We will strip the mighty, massively hyped, highly dignified AI of its cloths, and bring its innermost details down to earth!

Prologue

This is part 4 of the blog series, Catching AI with its pants down. This blog series aims to explore the inner workings of neural networks and show how to build a standard feedforward neural network from scratch.

In this part we will implement all the equations that we derived from scratch in the previous parts.
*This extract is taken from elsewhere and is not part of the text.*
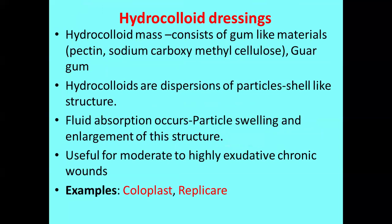The second example under composite dressings is hydrocolloid dressings. The name itself — hydro and colloid — refers to a mass consisting of gum-like material such as pectin, sodium carboxymethyl cellulose, or guar gum. These hydrocolloids are dispersions of particles that form a gel-like structure; fluid absorption causes particle swelling and enlargement of this structure. They are suitable for moderate to highly exudating chronic wounds like burns. Brands include Coloplast and Replicare. However, hydrocolloid material absorbs exudate but changes to yellow in color, making the wound site appear unpleasant, which is why people prefer hydrogel for its better appearance.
Parts The complete index for Catching AI with its pants down
Pant 1 Some Musings About AI
Pant 2 Understand an Artificial Neuron from Scratch
Pant 3 Optimize an Artificial Neuron from Scratch
Pant 4 Implement an Artificial Neuron from Scratch
Pant 5 Understand a Neural Network from Scratch
Pant 6 Optimize a Neural Network from Scratch
Pant 7 Implement a Neural Network from Scratch
Pant 8 Demonstration of the Models in Action

Code Implementation: an artificial neuron

All the codes will be in Python, using its object-oriented paradigm wherever possible (but I won’t bother with getters and setters for the most part). We will use primarily the NumPy library because its operations are very efficient for linear algebra computations involving arrays.

This implementation does not take advantage of parallel computing, so your GPU won’t make things any faster. But it takes advantage of NumPy’s superb optimization for computations with multidimensional arrays. Therefore, python loops are avoided as much as possible in the code, which is why we went through all that work to have everything as tensors.

We will also not implement any concurrent computing (so no multithreading of any sort) other than any that may have been baked into NumPy. Most deep learning libraries include concurrent and parallel computing capabilities, and also automatic differentiation capability. Moreover, none of those are really needed for a single artificial neuron. But they are absolutely priceless when training a network of neurons (a.k.a. neural network).

Constructor

We begin by implementing our constructor, where we initialize all our data members (also using it as an opportunity to lay them all out).

import numpy as np

class Neuron:
    def __init__(self, X, Y):
        self.X=X
        self.Y=Y

        self.X_batch=None
        self.Y_batch=None

        self.a=None
        self.z=None
        self.w=None
        self.b=None

        self.dAdZ=None
        self.dJdA=None
        self.dJdZ=None
        self.dJdW=None
        self.dJdB=None

We don’t really need to access the entire data (X and Y) during its instantiation. We could have chosen to initialize self.X and self.Y later. We only just needed the shape of X, because we use it to get the number of features in our data which we use when we initialize our parameters. However, I chose to have both self.X and self.Y initialized at instantiation for the sake of it, so this is certainly an opportunity for some refactoring to improve the code.

Parameter initialization

We first initialize our parameters, and we will do this randomly.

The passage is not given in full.